Nabal was harsh and evil in his doings. Abigail was kind and understanding in her doings. Nothing inferred any attraction between these two (and that possibly could have been reason for attraction.)
Great men do marry beautiful women. Their greatness, don’t get it twisted, is largely in possessions and properties than it is in values or character. Their greatness is more akin to investments and wealth than it is in morals and standards. And such great men, in their cruelty and harshness still end up marrying kind and caring women. Nabals still marry Abigails.
The same skill and expertise explored in amassing wealth, they deploy in the choice of their spouse. They are smart and sharp, they are witty and cunning. Nabals don’t go for Deborahs or Delilahs, they go for Abigails. They go for women of good understanding, they go for those who combine brain and beauty delicately. They go for such women that would manage the home front and handle affairs in their absence. They go for women who resolve issues and cover up their many follies. They are aware of what they lack in character they make up for it in the choice of their wives. Nabals still marry Abigails.
They marry Abigails who stand in the gap no matter how grave their Nabals’ goof. Abigails who mediate and negotiate for the life of their Nabals in the face of terror and opposition. Abigails who stay the hand of the enemy over their home. Abigails who would do anything to protect their own. When Nabals talk harshly, they don’t breathe down their necks. When he behaves rudely, she fixes it. They remain loyal to their Nabals to the very end. It would seem their cause and reason for existence is to keep and rescue their Nabal.
Nabals are not the best of men; they are evil in their doings, they have no regard for anyone. But they still manage to marry Abigails.

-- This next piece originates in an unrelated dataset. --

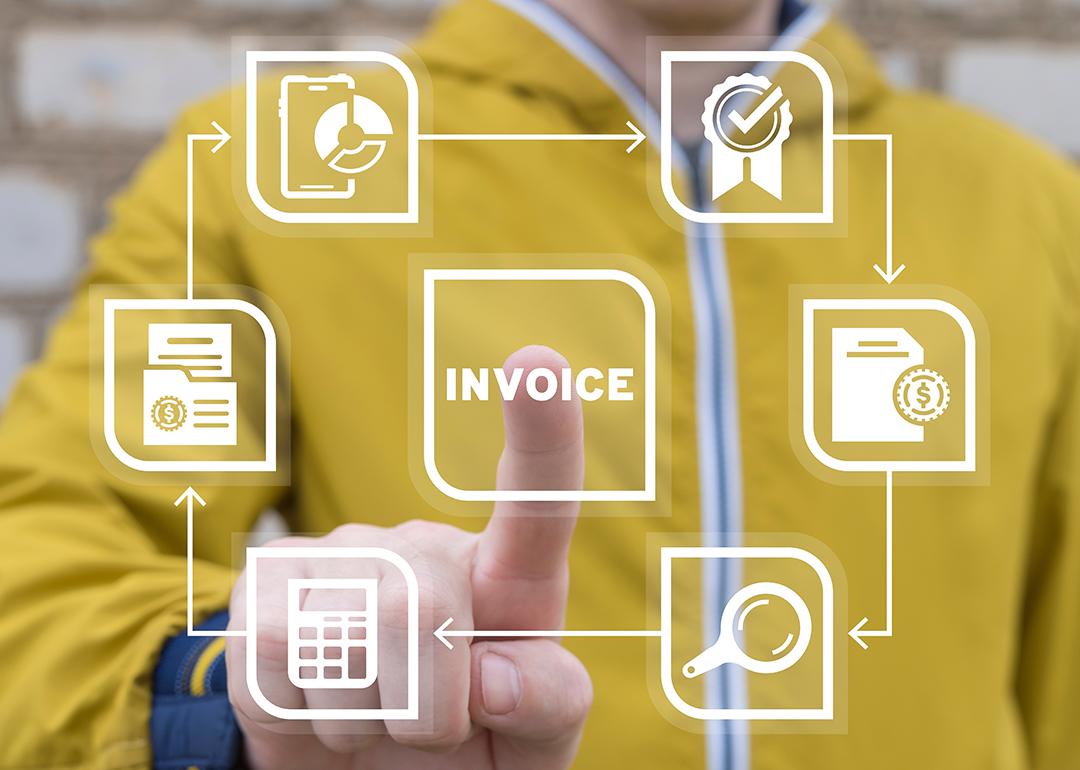 The word "invoice" being pressed by a businessperson in a virtual illustration of using an accounting software.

Have you met certain callous men and wondered how in the world they ended up with kind-hearted wives? Have you seen some unbelieving husbands and marveled what goodness their wives possibly saw in them? Have you noticed how intolerable some men are and their wives still carry on loving and supporting and caring and believing and smiling? Seen manipulative men marry very trusting wives? Or extremely overbearing men lord it over their docile wives? Nabals still marry Abigails.

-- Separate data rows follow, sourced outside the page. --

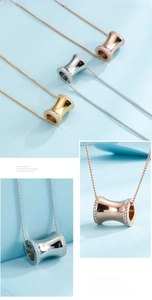 Close-up of triple-colored cylinder pendants with mirror finish and cubic zirconia inlay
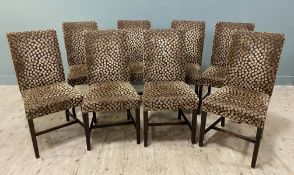 A set of eight Edwardian oak-framed dining chairs, with contemporary brown polka dot upholstery to
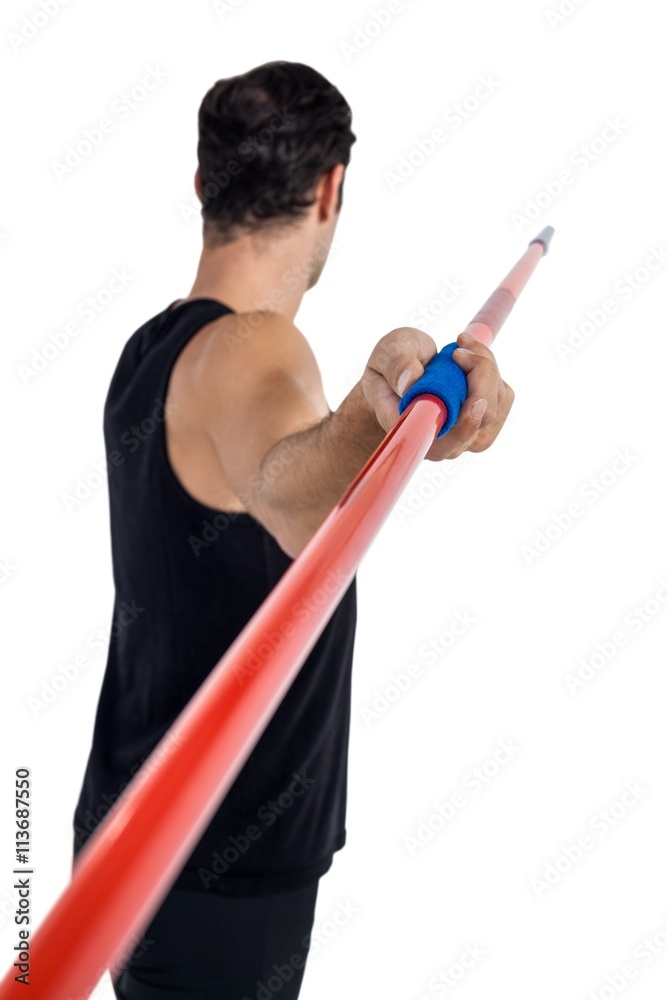 Rear view of athlete male preparing to throw javelin Rear view of athlete male preparing to throw javelin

Let Abigail be. If she has chosen Nabal to be her cause and cross, let her be. Stop swallowing painkillers for another’s headache.
Let Abigail be. If she continues to shine and thrive amidst the discomfort and embarrassment, let her be.
When she bakes her cake and bread, packs her wine and sheep, throws a feast and stand in the gap, let her be.
When she takes the blame and covers his tracks, calms nerves and defuses crisis, let her be.
Because eventually, Abigails get rescued, not in ways you deem or assume fit, but in ways God scripted and orchestrated.
Next time you run into a Nabal and Abigail combo, admire her courage, commend her strength of purpose, and lift a sister’s spirit up. You don’t have all the details.
#Reflections
So David sent ten young men to Nabal with a message of peace and a request to give them supplies. Nabal would answer and he said, “Who is David? And who is the son of Jesse? There be many servants nowadays that break away every man from his master.”
I Sam 25
…until a David shows up. Nabal,be very careful. Selah.
Davids are everywhere. What you take for granted eventually gets taken away.